Thomas and Mary by Tim Parks

Usually when I read a book I don’t think much about the author’s personal life. Sure, an author has to invest some of themselves in what they write but unless it’s a memoir I don’t dwell on the extent of that investment. And then I read Thomas and Mary by Tim Parks. And I can’t stop thinking about the state of Tim Parks’s personal life. Specifically, I’m thinking he’s either been through a bitter divorce; paying child support for the next one thousand years; and/or has had affairs left, right and centre. I’m wondering because Thomas is such an intimately drawn character.

Of course, I could be wrong and the reality is that Tim Parks has an exceedingly good imagination.

The subtitle of Thomas and Mary is ‘A Love Story’ but there’s not a lot of love in this story. It’s largely told from Thomas’s point of view, and describes the slow disintegration of his marriage. It’s in describing the mundane – from Thomas and Mary’s differing bedtimes and whose responsibility it is to look after the indoor plants, to their failure to agree on music – that you realise that it’s these details that are as much to blame as Thomas’s affairs and Mary’s devotion to her dog.

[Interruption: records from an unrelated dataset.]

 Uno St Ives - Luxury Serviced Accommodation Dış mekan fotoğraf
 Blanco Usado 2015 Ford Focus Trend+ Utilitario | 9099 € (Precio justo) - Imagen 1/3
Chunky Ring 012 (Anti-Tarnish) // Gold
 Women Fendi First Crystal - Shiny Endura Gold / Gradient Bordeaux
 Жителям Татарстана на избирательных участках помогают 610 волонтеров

“So as not to have to pretend to be asleep again, which he finds painful, he goes to bed early. Mary joins him at 11:30 and hardly cares whether he is asleep or not, since she has nothing to say to a man who she believes is having an affair.”

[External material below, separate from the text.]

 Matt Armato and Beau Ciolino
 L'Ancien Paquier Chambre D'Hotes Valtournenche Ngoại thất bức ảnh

There’s a repetitiveness and flatness to Parks’s writing that suits this story (I haven’t read anything else by Parks so can’t say whether it’s his usual style) – bland details about tennis matches, walking the dog and care arrangements for Thomas’s mother blend seamlessly with Thomas’s philandering, their son’s confidence crisis and Mary’s volunteering stint in Africa. It’s an interesting way to show that the cumulative effect of small events can be just as damaging, if not more, than a single catastrophe.

“Smiles through cataracts and a healthier diet. A yearly pact to rearrange the photographs. Why wasn’t that our destiny? Thomas wonders. Thomas wonders how to deal with a past of erosion and unravelling.”

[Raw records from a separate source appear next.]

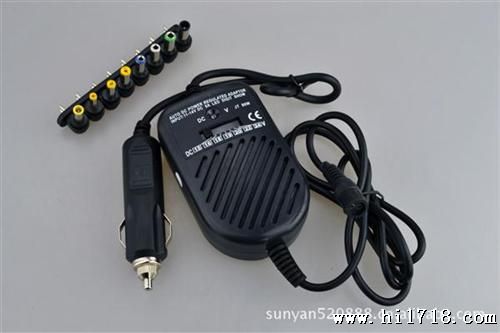 车载笔记本电源DC80W 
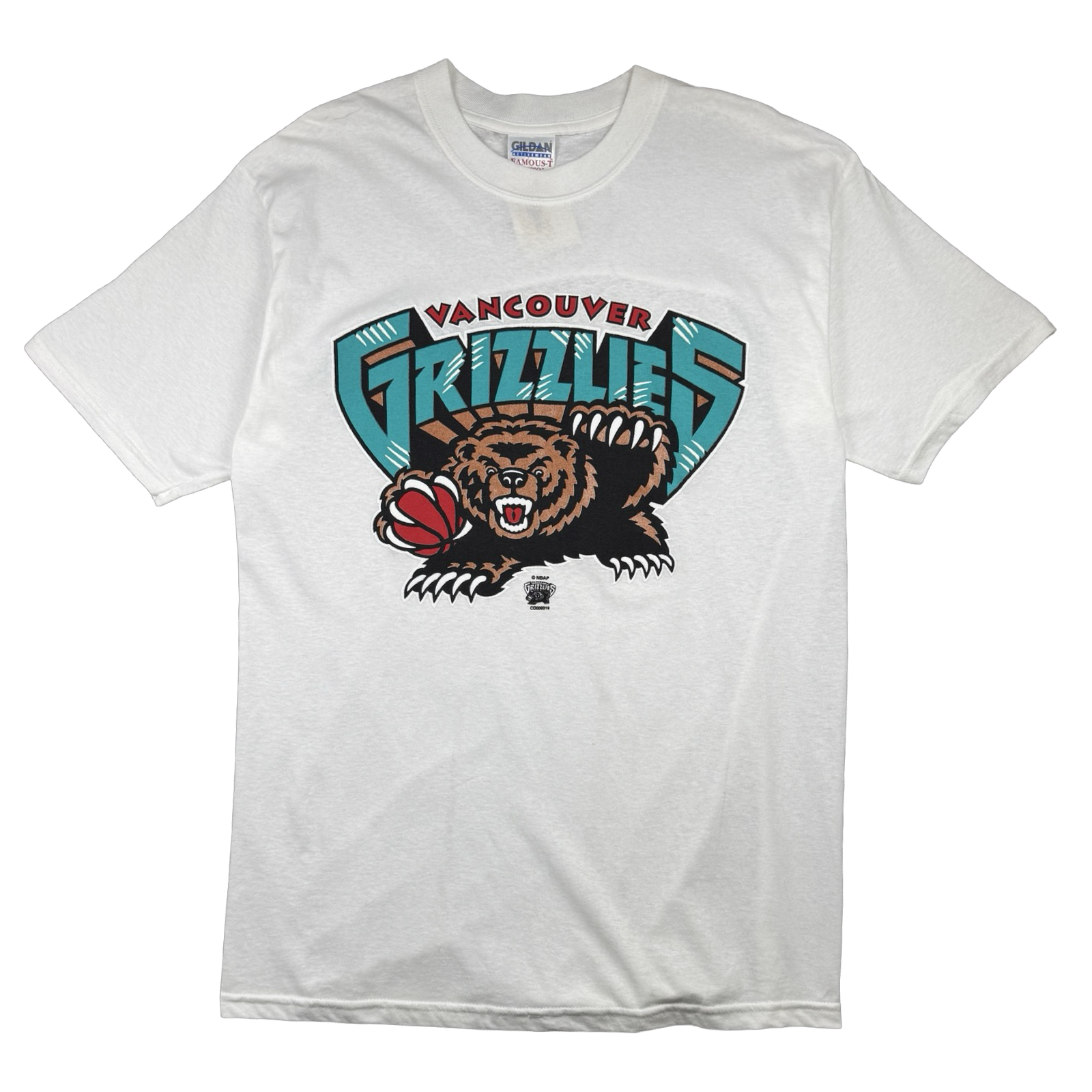 Vintage Vancouver Grizzlies Tee White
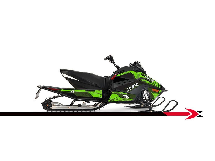 Arctic Cat ZR 200 ES 2025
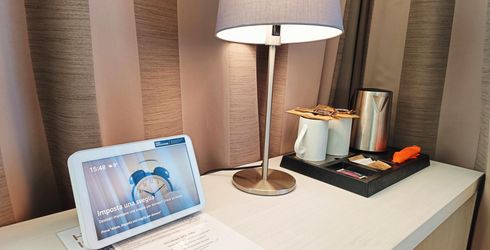 hotel room image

Chapters of this book have been published as stand-alone short stories. Although it reads as vignettes, it is cohesive. I like this style however I didn’t enjoy the story being told from so many different points-of-view – some didn’t work (in particular, the chapters from Thomas’s father and uncle).

3/5 I admired the style. I didn’t admire Thomas.

I received my copy of Thomas and Mary from the publisher, Random House UK, via NetGalley, in exchange for an honest review.

“Thomas ate his salad. It was quite a mix of leaves and radishes and nuts and apples and rocket and feta cheese and fennel. Very tasty.”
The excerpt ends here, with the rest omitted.